__Data to examine__
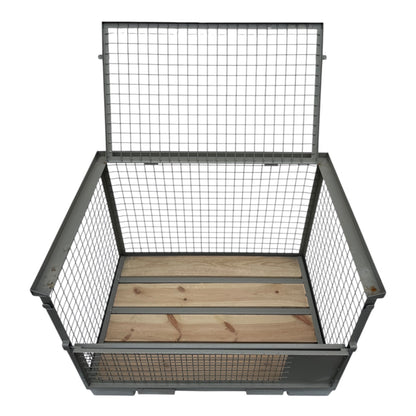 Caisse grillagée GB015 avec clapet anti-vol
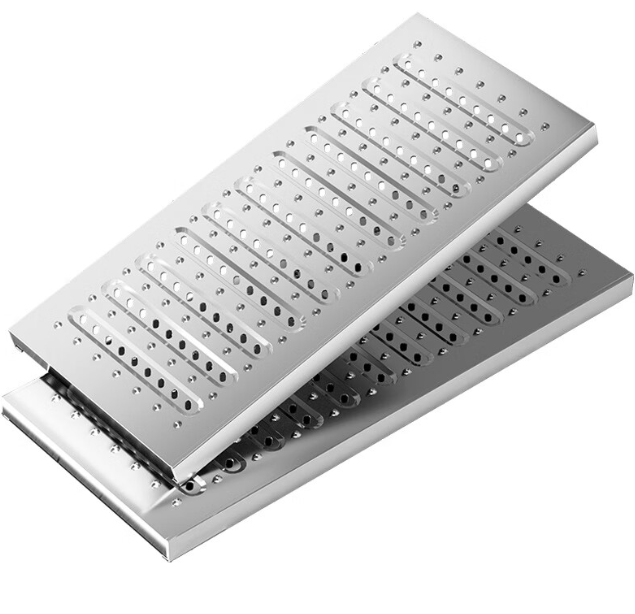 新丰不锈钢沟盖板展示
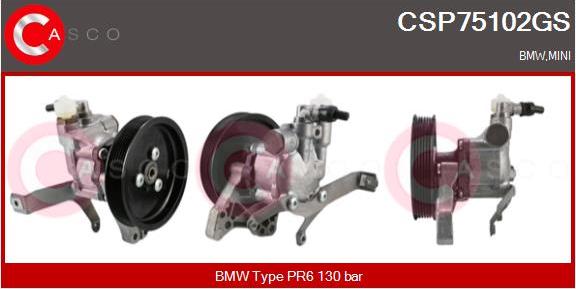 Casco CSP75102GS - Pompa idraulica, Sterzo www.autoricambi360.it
* * *
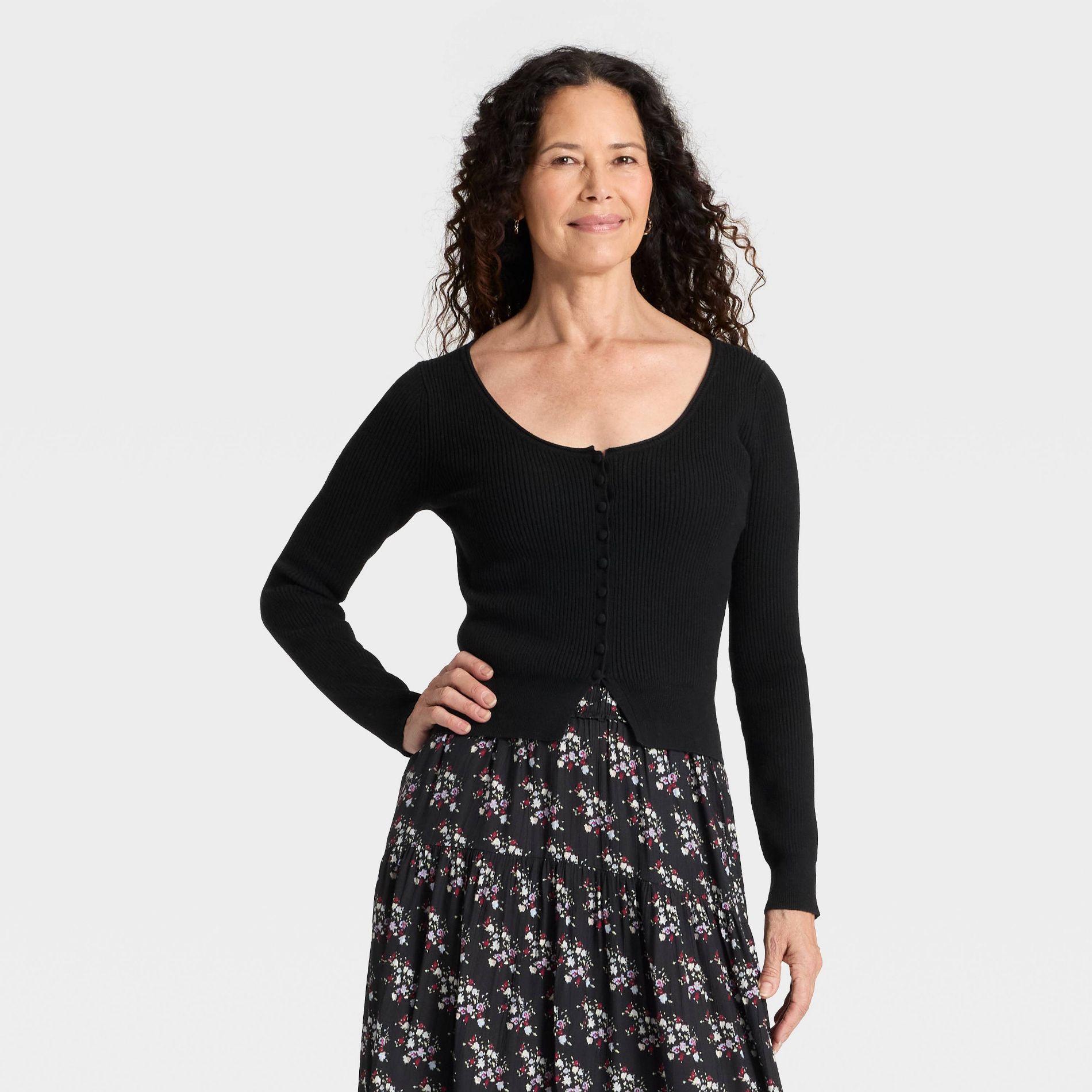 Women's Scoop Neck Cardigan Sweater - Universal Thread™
==
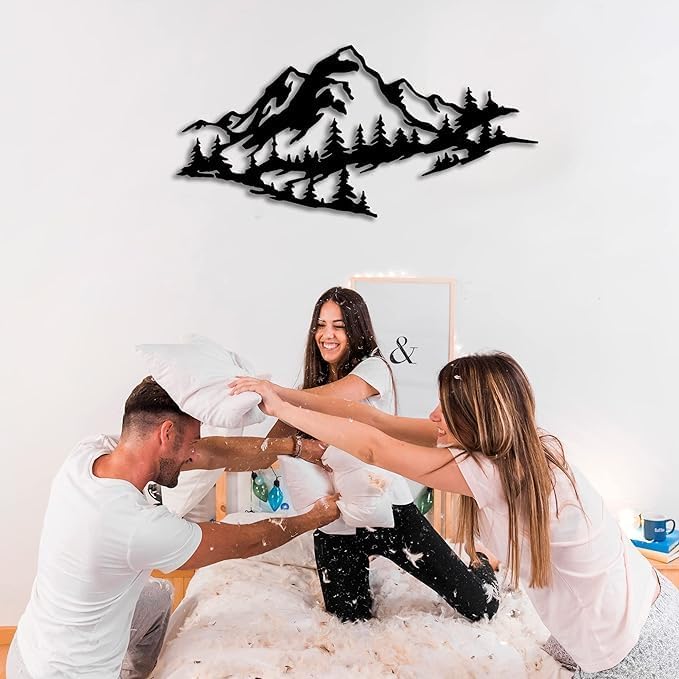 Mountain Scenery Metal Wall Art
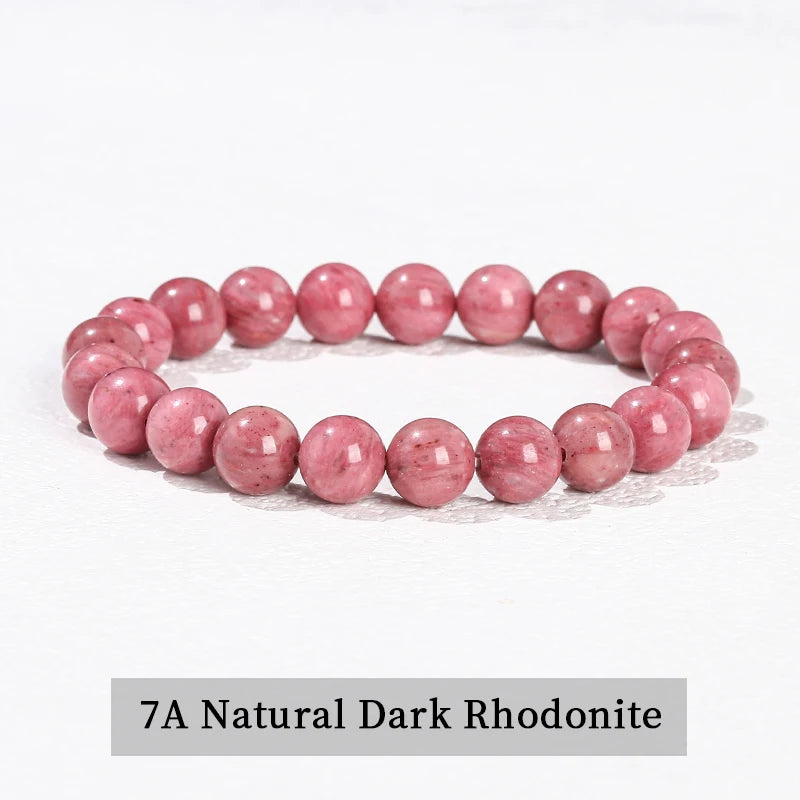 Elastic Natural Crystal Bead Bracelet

__What you are asked to do__
Reproduce the lines above beginning at the line that contains "Mountain Scenery Metal Wall Art" and ending at the line that contains "Elastic Natural Crystal Bead Bracelet". No pictures.

__Answer to this problem__
 Mountain Scenery Metal Wall Art
 Elastic Natural Crystal Bead Bracelet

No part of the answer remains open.